LVMH Sales And Profits Rise
Despite the overall slowdown in luxury spending, LVMH reported a 17% increase in organic sales for the second quarter compared to the same period last year. The company's revenue reached 42.2 billion euros (approximately $46.6 billion) for the six months ending June 30, marking a 15% rise, and net profit grew by 30% to 18.5 billion euros for the same period. Remarkably, LVMH achieved an operating margin of 27.4%, even with increased investments in advertising, promotions, and large-scale fashion shows.
- Leading luxury brands within LVMH, such as Louis Vuitton and Dior, played a crucial role in driving a 20% sales increase in the company's largest division, fashion and leather goods.
- However, the wine and spirits division faced some pressure due to weaker sales of cognac in the U.S.
Travel And International Sales
According to LVMH's Chief Financial Officer, Jean Jacques Guiony, the recent slowdown in sales can be attributed to Americans choosing to vacation in Europe and indulge in luxury shopping in cities like Paris, Rome, or London instead of their home country. This shift in consumer behavior has had a significant impact, as evidenced by the 18% increase in LVMH's sales in Europe during the second quarter, with tourists accounting for nearly half of that growth.
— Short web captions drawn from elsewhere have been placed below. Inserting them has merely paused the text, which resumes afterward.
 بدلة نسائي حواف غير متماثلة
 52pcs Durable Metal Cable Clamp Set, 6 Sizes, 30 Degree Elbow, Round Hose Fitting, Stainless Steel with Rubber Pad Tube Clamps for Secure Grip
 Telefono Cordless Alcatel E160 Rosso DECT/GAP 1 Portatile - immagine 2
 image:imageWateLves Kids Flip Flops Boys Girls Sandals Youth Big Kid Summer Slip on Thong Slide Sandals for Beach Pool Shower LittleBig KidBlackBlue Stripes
- This trend of Americans flocking to Europe for luxury purchases was also observed last year, leading to a partial cannibalization of sales in the U.S.
- In stark contrast to the U.S. market, China presented an entirely different scenario. LVMH reported a substantial 17% sales rise overall, driven by an impressive 34% surge in Asia (excluding Japan).
- Guiony pointed out that despite indications of a broader economic slowdown in China, luxury spending remains robust, especially after the lifting of lockdowns in late last year.
- The company's Bulgari jewelry brand, known for its popularity in Asia, delivered strong performance during the quarter. However, Tiffany, which relies more heavily on the U.S. market, experienced a weaker period.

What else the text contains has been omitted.